Entropy and Love - part 1

It is said that the last thing fish would discover is water. For us, could this thing be the essence of time?

Time passes by, or does it?

In classical physics time is just a variable that can just as well go backwards as forwards. It is not until the second law of thermodynamics that science provides a direction to time – the direction in which things go wrong! E.g. drop a plate and it will smash – never will a smashed plate magically come to mend itself . The direction of time given by this law is known as the thermodynamic arrow of time . It implies that time flows in the direction in which things become more chaotic, e.g. from whole plates to smashed plates.


But this is just one perspective. It is a perspective based on analysis – one provided by the mind. And it is necessarily the perspective of the mind. The mind is a delay-response system – time is a function of this system. Whereas simple organisms receive stimuli and respond directly to these in a pre-programmed manner (instinctive behaviour), more complex organisms such as man have the ability to “store” stimuli in a brain and respond at a later time.
It is this storage of information that creates this sense of time. Why?
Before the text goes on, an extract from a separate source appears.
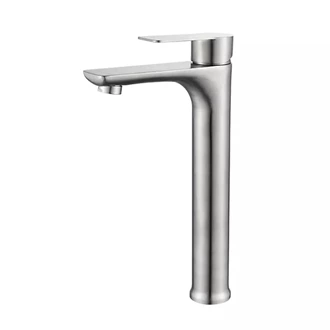 Stainless Steel Bathroom Faucet - Deck Mounted Single Lever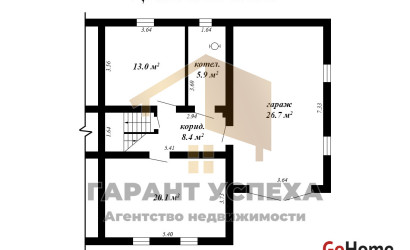 Купить дом, Брест, ул. Журавецкая, 5.57 соток. Фото 19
Because when the brain stores information it is becoming less chaotic relative to its surroundings . Therefore it perceives the world as becoming more chaotic.


A curious by-product of this result is the key to happiness, already well documented by many. The solutions fall into two broad categories:

1. Instead of storing information, release it. Commonly, people do this just by talking – this does work, but at a cost to the listener who is storing information that they too will need to release. More environmental approaches include prayer or meditation.

2. Store and release in equal measure. A good conversation, a good mechanic fixing a car, a musician striking a perfect note, a carpenter striking a chisel just so, doing anything that you really enjoy – are all examples of the mind storing and releasing in equal measure, or of neither storing nor releasing – sometimes known as a state of flow. In such a state we may experience time as if standing still – we are living entirely in the moment.